BRIEF — Beginning with the line that holds "WOOLRICH mens button" and ending with the last line below, please copy every line exactly, add nothing, and leave out the pictures.

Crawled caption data
★ ★ ★ ★ ★ ★ ★

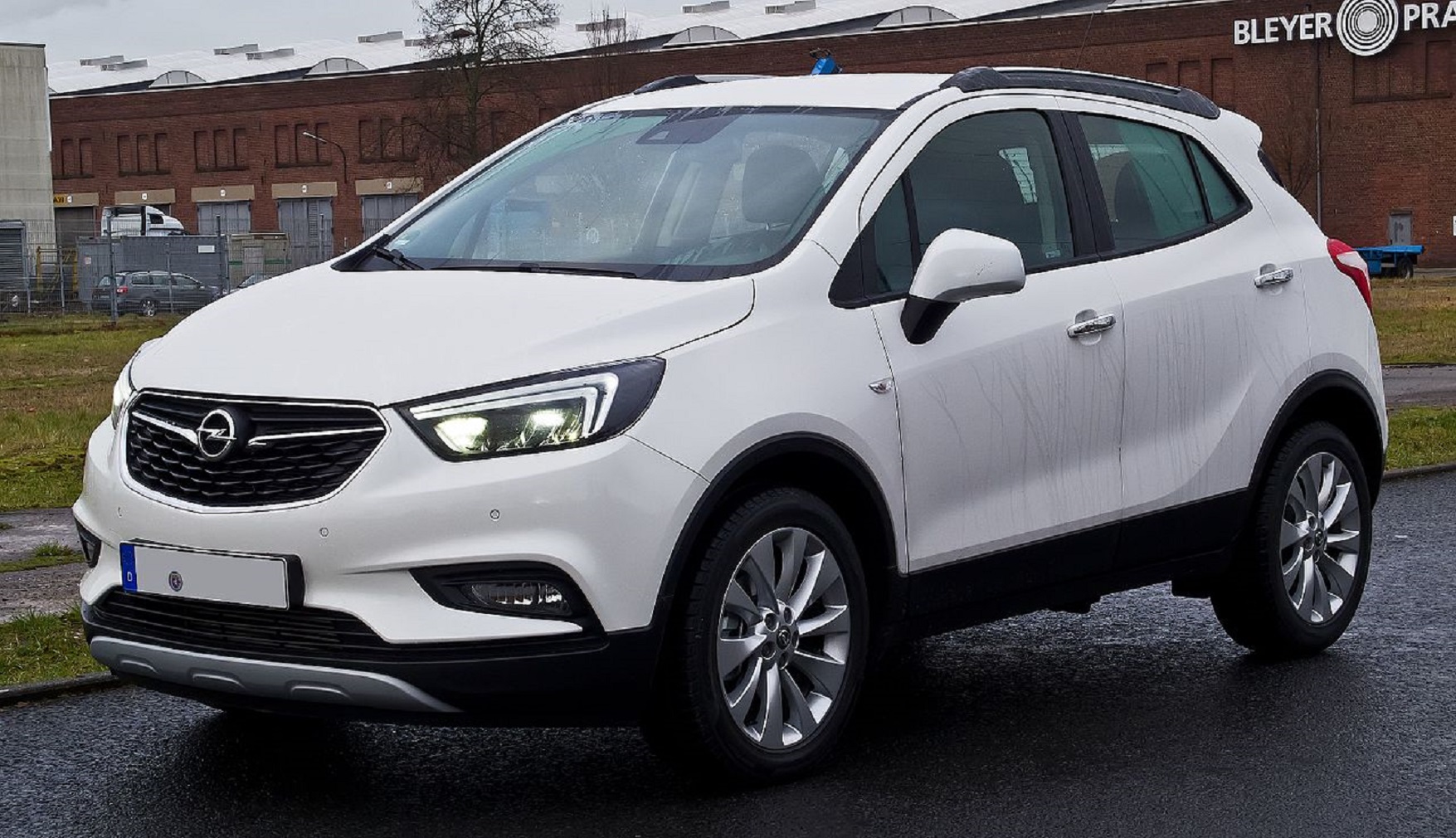 Opel - Mokka X vanaf 2016 Navigatiescherm reparatie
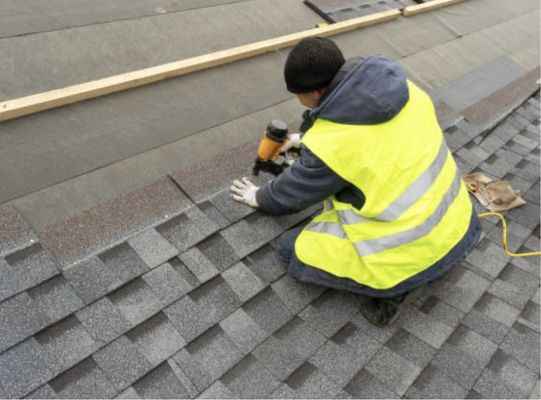 Shingle installation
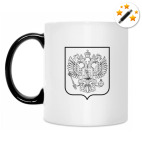 Кружка-хамелеон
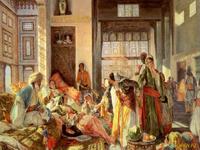 Чільну роль в гаремі займали або наложниця, якій вдалося першою вийти заміж за султана, або євнухи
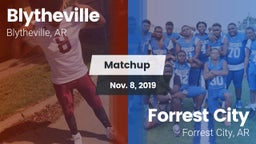 Matchup: Blytheville vs. Forrest City  2019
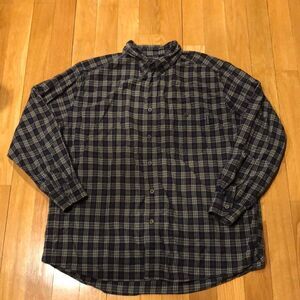 WOOLRICH mens button down long sleeve shirt size xlarge.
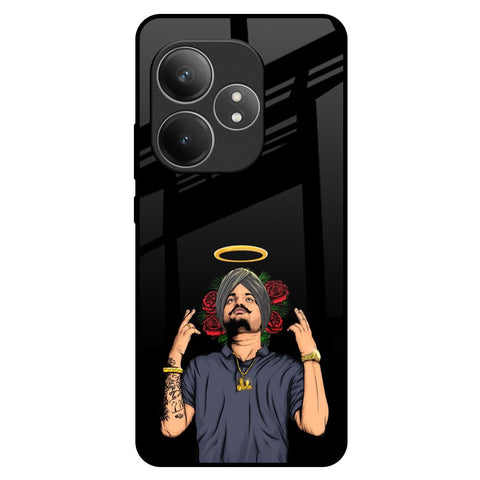 Punjabi Singer Poster Realme GT 6 5G Glass Back Cover Online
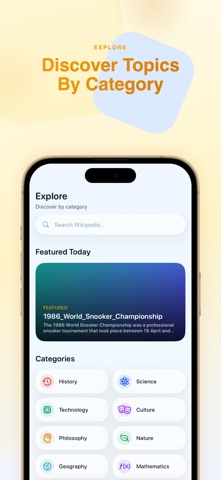 Wiki Reader: AI Study & Learn Screenshot 4 of 9
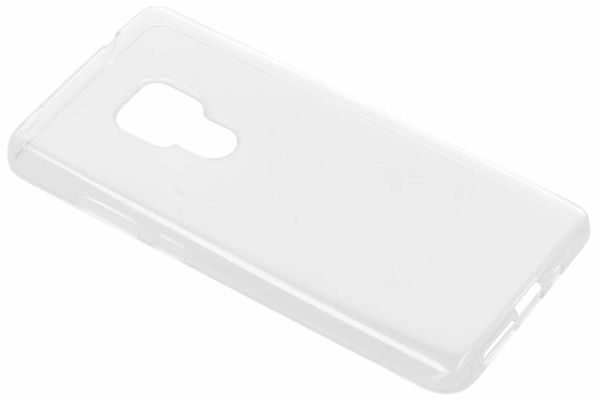 Coque silicone Huawei Mate 20 - Transparent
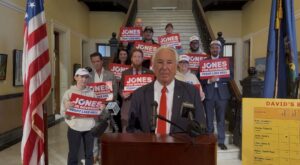 David Jones Publicly Ranks Full RCV Ballot, Says He Is ‘Beating Democrats at Their Own Game’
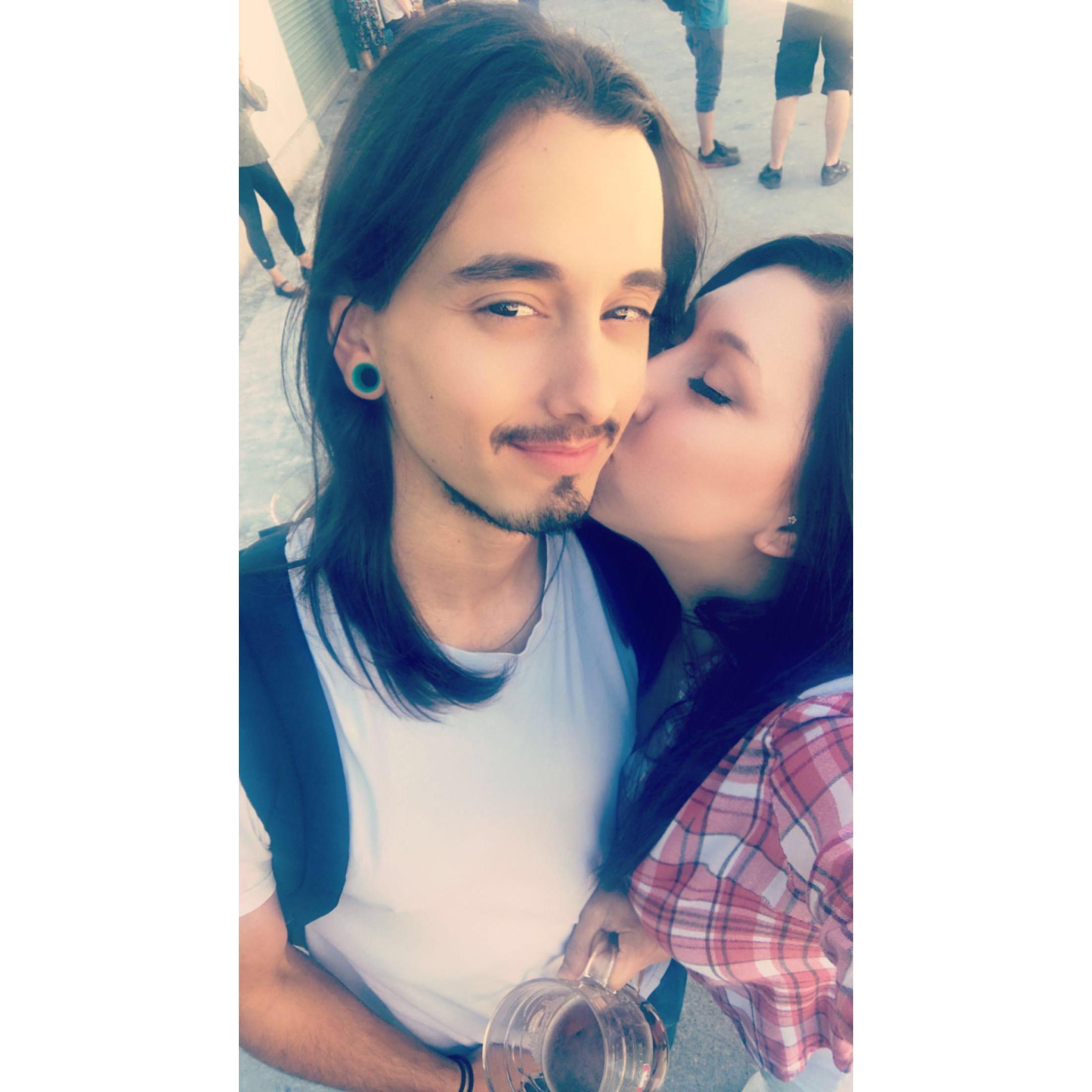 Our first October Fest- San Francisco 2017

★ ★ ★ ★ ★ ★ ★

WRITTEN RESPONSE —
 WOOLRICH mens button down long sleeve shirt size xlarge.
 Punjabi Singer Poster Realme GT 6 5G Glass Back Cover Online
 Wiki Reader: AI Study & Learn Screenshot 4 of 9
 Coque silicone Huawei Mate 20 - Transparent
 David Jones Publicly Ranks Full RCV Ballot, Says He Is ‘Beating Democrats at Their Own Game’
 Our first October Fest- San Francisco 2017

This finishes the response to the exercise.